JERRY HOLT • email@example.com, Star Tribune
Vikings defense settles down after Cook's ejection
- Article by: Mark Craig
- Star Tribune
- December 1, 2013 - 11:29 PM
Vikings coach and former NFL cornerback Leslie Frazier had some choice words for current Vikings cornerback Chris Cook, whose troubled career hit another low point when he was ejected from Sunday’s game for pushing side judge Laird Hayes. Cook had just given up a 46-yard touchdown pass to receiver Alshon Jeffery with 5 minutes, 15 seconds left in Sunday’s 23-20 overtime win against the Bears at Mall of America Field.
“You’ve got to keep your composure, especially at the corner position,” Frazier said. “There are going to be times you get beat. You can’t let that stuff get to you. You’ve got to line up and play the next play.”
The Bears were facing a third-and-14 situation when quarterback Josh McCown launched a high-arcing ball into the front left corner of the end zone. Cook, who has yet to intercept a ball in 31 games over four seasons, was tracking the ball the entire time. But the 6-3 Jeffery timed his leap perfectly while the 6-2 Cook never left the ground.
“We were in great shape, a ball you’ve got to knock away and we don’t knock it down,” Frazier said. “And they make a terrific catch and Chris ends up getting ejected.”
Cook, who had already left the locker room by the time reporters were allowed in, appeared to be upset two plays earlier on what he might have thought was offensive pass interference on an incomplete pass intended for Jeffery. Of course, he also had just been beaten for an 80-yard touchdown by Jeffery on the second play of the third quarter.
“I was just getting open and making plays,” said Jeffery, who finished with 12 catches for 249 yards and two touchdowns, primarily against Cook and rookie Xavier Rhodes.
Something else Frazier said also might have stung a bit for Cook, a second-round pick who has missed 29 games because of injuries and legal issues.

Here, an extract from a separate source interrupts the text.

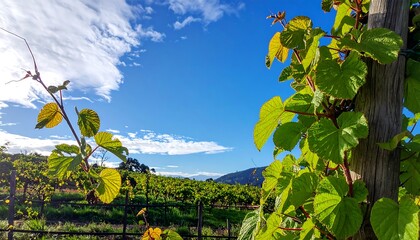 Vineyard with vibrant green foliage and blue sky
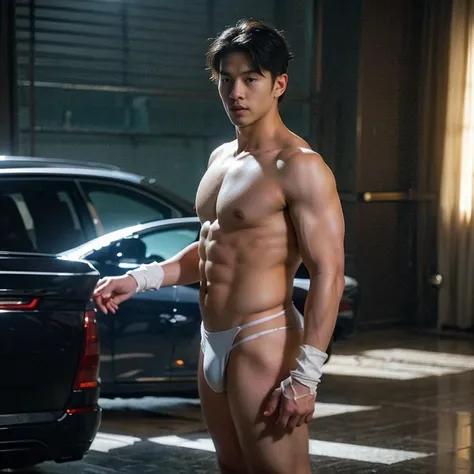 (masutepiece,High resolution,ultra - detailed:1.0),1(Boy ),Perfect male body,Look at the camera,Delicate eyes and delicate face,extremely details CG,Unity 8k壁纸,intricate-detail,solo person,Detailed face, (Futuristic skin-perfect white thong  ), Best Qualit...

“After [Cook’s ejection], it seems like our guys settled down,” Frazier said.
So with the Bears leading 20-10, there became a heightened sense of urgency by a Vikings defense that was forced to play punt returner Marcus Sherels the rest of the game because of injuries and Wednesday’s release of backup A.J. Jefferson following his arrest on a domestic assault charge. Of course, the Bears also became increasingly conservative.

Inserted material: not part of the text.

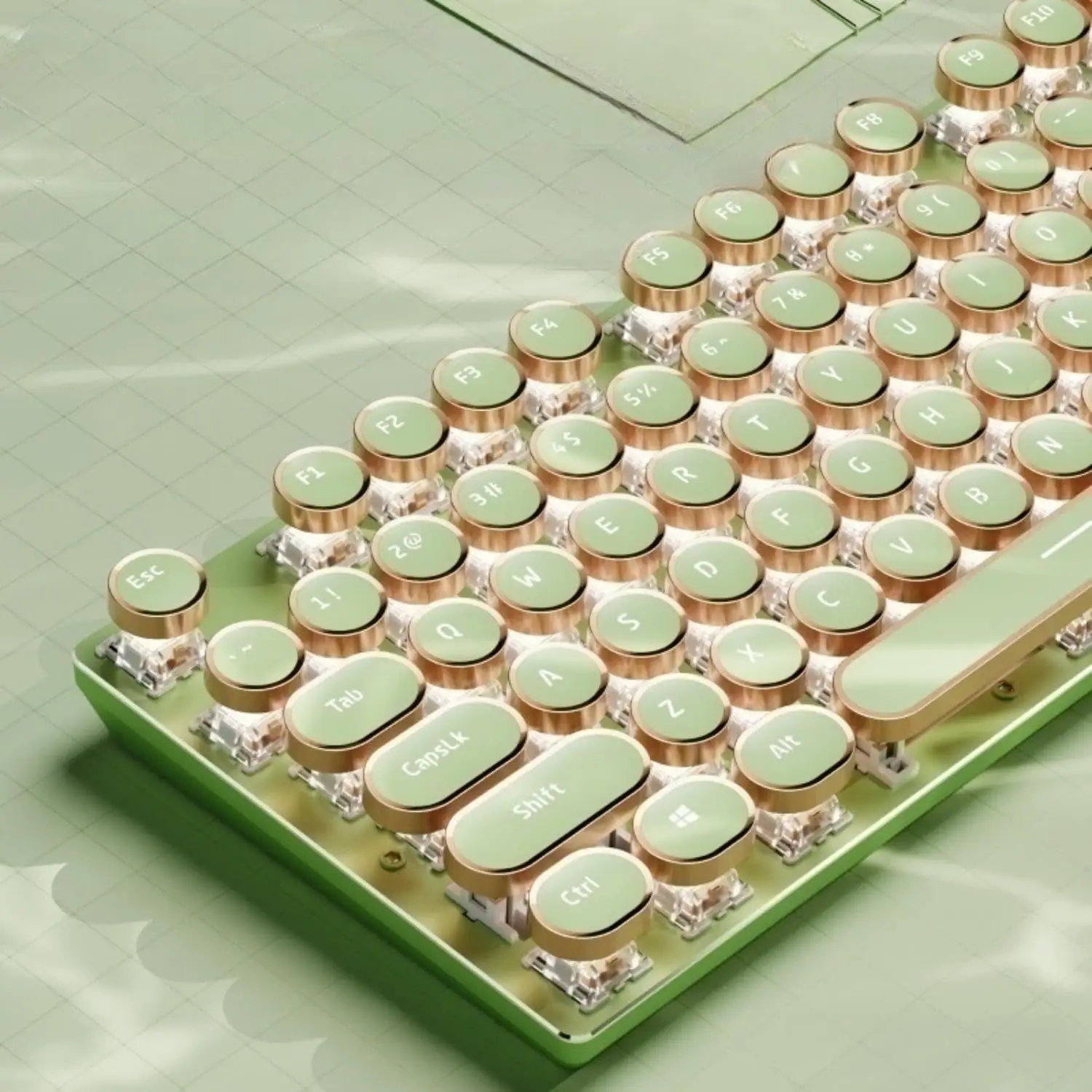 EWEADN V20 Typewriter Keyboard Wireless 104 Keys Mechanical with White Backlit Media Knob Tri-mode Wired Retro Keyboard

Mix the two together, and here’s what you get for the Bears’ final six possessions: punt, fumble, punt, missed field goal, punt, missed field goal. Quarterback Josh McCown finished with 355 yards passing, but only 76 of them came in the final 23 minutes — all of them after Cook was banished.
“We’re playing a lot of different people in the secondary a lot more snaps than we’d like to be playing them,” Frazier said. “But they were standing up and they were finding ways to hang in there.”